**What to do**
Below are the records; extract from them the line containing "Diseño y medidas" to the line containing "CONTRAIL - KEY", both lines included, exactly and with no pictures.

**Data shown**

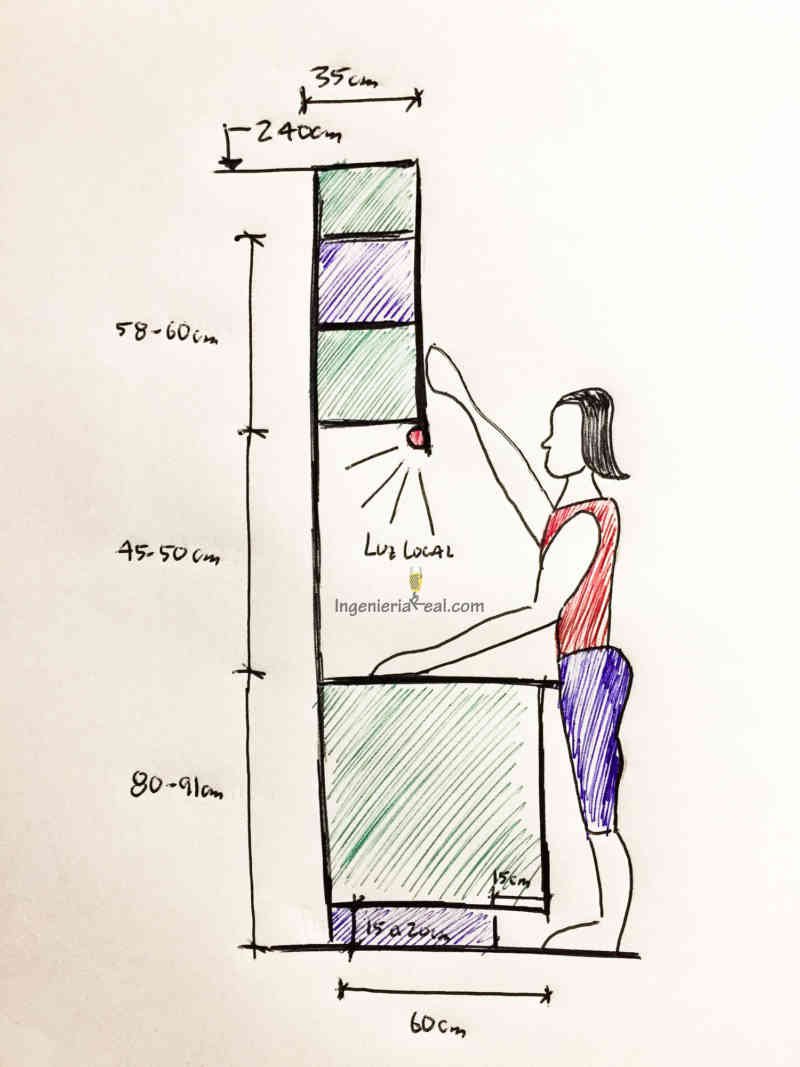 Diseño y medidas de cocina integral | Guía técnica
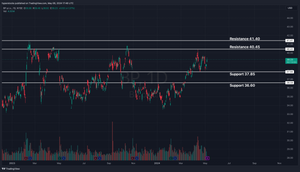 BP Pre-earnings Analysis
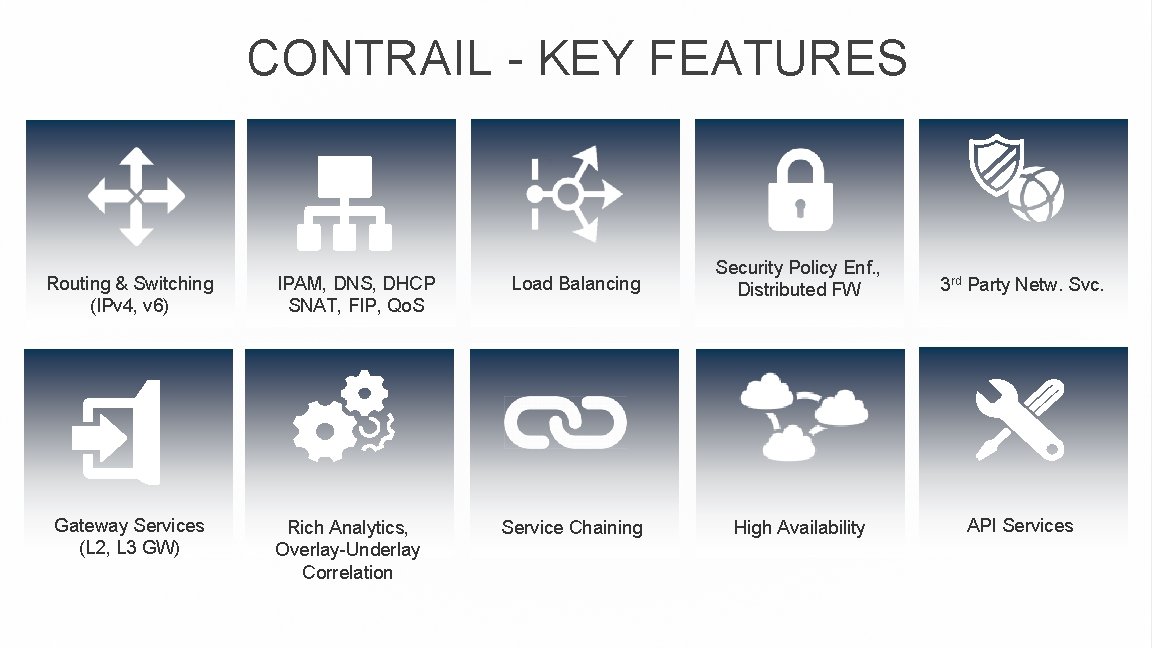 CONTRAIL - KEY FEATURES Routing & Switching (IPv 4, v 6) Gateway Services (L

==

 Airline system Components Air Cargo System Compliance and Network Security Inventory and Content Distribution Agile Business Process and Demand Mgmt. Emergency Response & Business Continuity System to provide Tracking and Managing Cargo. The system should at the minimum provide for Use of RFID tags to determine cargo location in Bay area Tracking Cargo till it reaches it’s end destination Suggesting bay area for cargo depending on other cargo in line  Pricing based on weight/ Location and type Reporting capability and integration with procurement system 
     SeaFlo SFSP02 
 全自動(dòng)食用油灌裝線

==

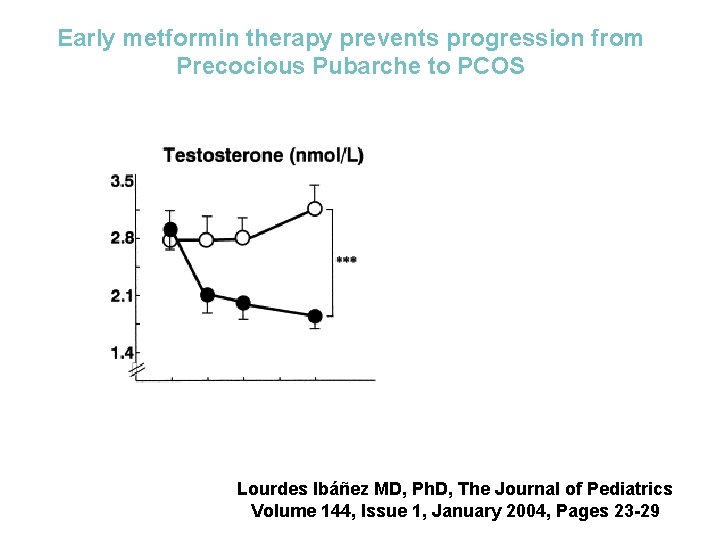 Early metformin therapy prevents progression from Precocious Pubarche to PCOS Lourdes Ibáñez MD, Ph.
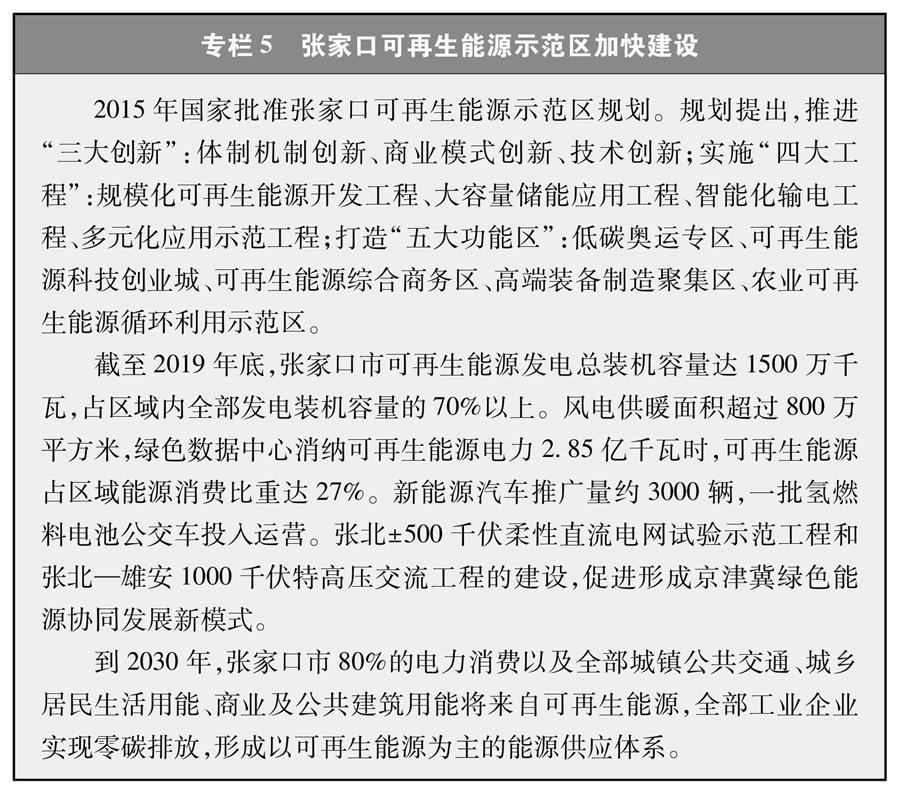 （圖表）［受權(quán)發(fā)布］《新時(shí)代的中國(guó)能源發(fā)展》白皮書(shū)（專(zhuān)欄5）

**Result below**
 Diseño y medidas de cocina integral | Guía técnica
 BP Pre-earnings Analysis
 CONTRAIL - KEY FEATURES Routing & Switching (IPv 4, v 6) Gateway Services (L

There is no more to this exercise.